# About this exercise
Return the opening lines of the material, word for word. End with the line that contains "Vintage Balcony Guesthouse".

# Dataset excerpts
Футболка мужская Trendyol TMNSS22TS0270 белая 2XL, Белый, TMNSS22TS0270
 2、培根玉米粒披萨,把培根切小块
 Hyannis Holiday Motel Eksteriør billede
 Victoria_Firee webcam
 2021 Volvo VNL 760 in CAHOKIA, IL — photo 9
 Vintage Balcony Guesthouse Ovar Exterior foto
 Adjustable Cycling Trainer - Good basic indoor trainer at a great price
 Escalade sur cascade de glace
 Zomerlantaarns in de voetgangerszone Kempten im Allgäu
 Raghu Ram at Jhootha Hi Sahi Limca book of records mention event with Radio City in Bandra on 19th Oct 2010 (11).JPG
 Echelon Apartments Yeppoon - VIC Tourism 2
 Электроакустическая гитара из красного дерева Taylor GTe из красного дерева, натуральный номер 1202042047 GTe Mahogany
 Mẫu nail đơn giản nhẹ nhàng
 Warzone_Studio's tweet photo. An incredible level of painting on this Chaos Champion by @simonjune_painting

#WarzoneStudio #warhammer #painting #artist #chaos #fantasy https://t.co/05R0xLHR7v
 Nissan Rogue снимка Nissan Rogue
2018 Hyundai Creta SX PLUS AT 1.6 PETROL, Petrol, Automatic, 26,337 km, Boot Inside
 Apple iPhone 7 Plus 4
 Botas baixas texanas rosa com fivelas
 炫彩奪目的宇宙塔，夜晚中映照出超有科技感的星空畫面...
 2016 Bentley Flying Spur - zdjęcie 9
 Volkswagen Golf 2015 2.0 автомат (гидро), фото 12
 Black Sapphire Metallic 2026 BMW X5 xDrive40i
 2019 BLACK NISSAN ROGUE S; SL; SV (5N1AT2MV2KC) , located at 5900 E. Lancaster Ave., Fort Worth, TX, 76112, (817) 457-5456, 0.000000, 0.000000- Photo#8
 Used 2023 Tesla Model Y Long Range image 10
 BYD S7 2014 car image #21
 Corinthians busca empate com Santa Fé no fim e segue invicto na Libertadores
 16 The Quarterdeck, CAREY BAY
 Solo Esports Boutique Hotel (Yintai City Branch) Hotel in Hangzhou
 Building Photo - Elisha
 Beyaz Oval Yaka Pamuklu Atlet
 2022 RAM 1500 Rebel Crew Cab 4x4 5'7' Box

# Written response
Футболка мужская Trendyol TMNSS22TS0270 белая 2XL, Белый, TMNSS22TS0270
 2、培根玉米粒披萨,把培根切小块
 Hyannis Holiday Motel Eksteriør billede
 Victoria_Firee webcam
 2021 Volvo VNL 760 in CAHOKIA, IL — photo 9
 Vintage Balcony Guesthouse Ovar Exterior foto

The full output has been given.